Could you repeat the data word for word while skipping the pictures?

# PROVIDED DATA
◆ ◆ ◆ ◆
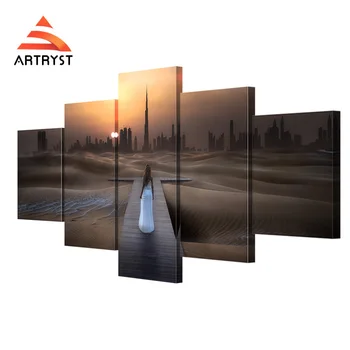 

Girl desert city posters HD print on canvas modern home quadros decorative wall art 5 panel canvas painting modular YS3195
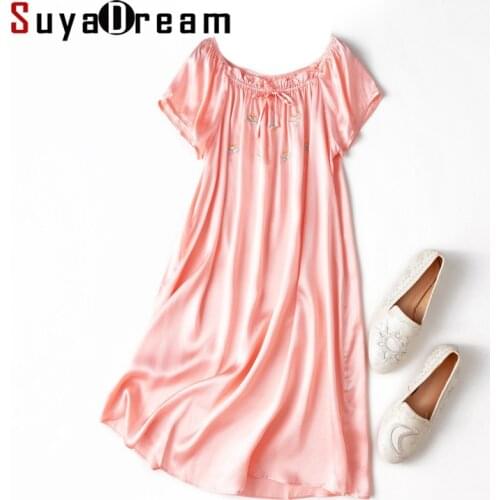 SuyaDream Women Silk Sleepdress 100%Real Silk Mini Length Sleep Dress 2021 Short Sleeves Nightgrowns Red Pink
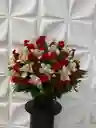 Orquideario Con Rosas Rojas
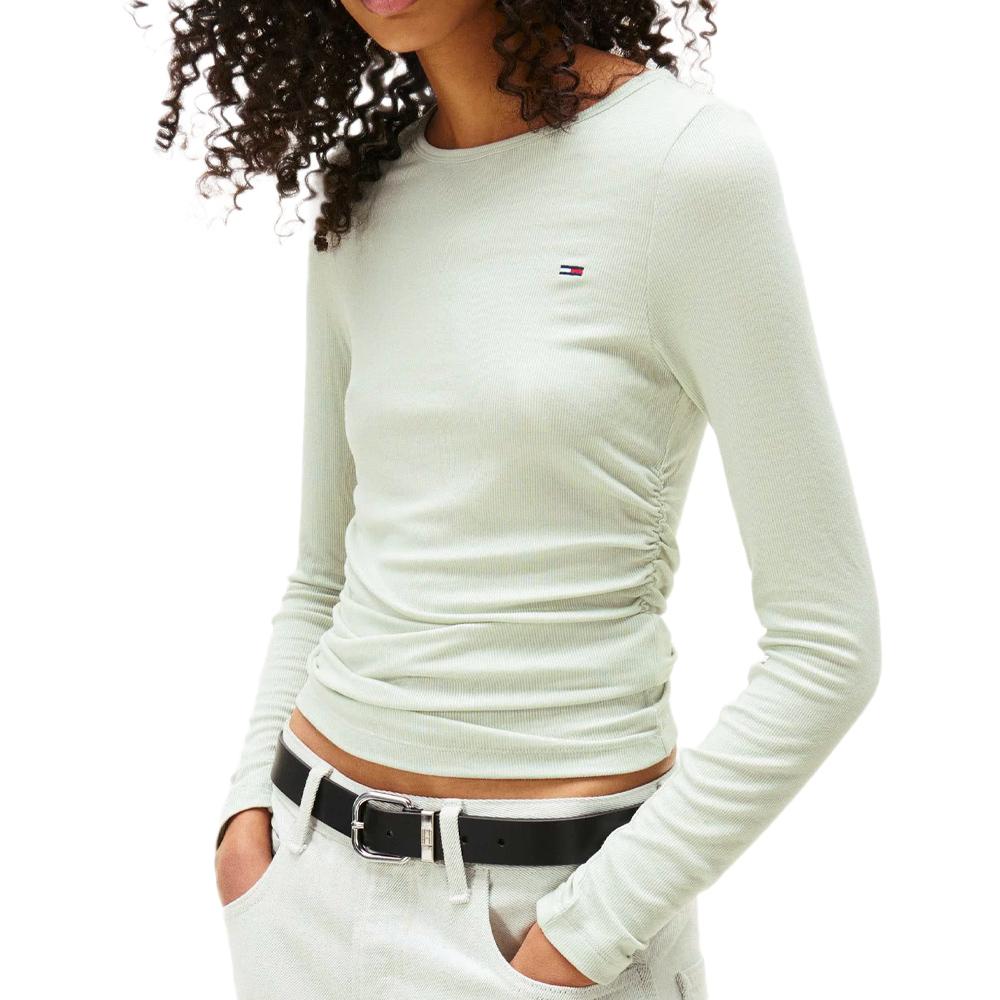T-shirt Vert Femme Tommy Hilfiger Tjw Slim Ruched pas cher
◆ ◆ ◆ ◆
# COMPLETED TASK
Girl desert city posters HD print on canvas modern home quadros decorative wall art 5 panel canvas painting modular YS3195
 SuyaDream Women Silk Sleepdress 100%Real Silk Mini Length Sleep Dress 2021 Short Sleeves Nightgrowns Red Pink
 Orquideario Con Rosas Rojas
T-shirt Vert Femme Tommy Hilfiger Tjw Slim Ruched pas cher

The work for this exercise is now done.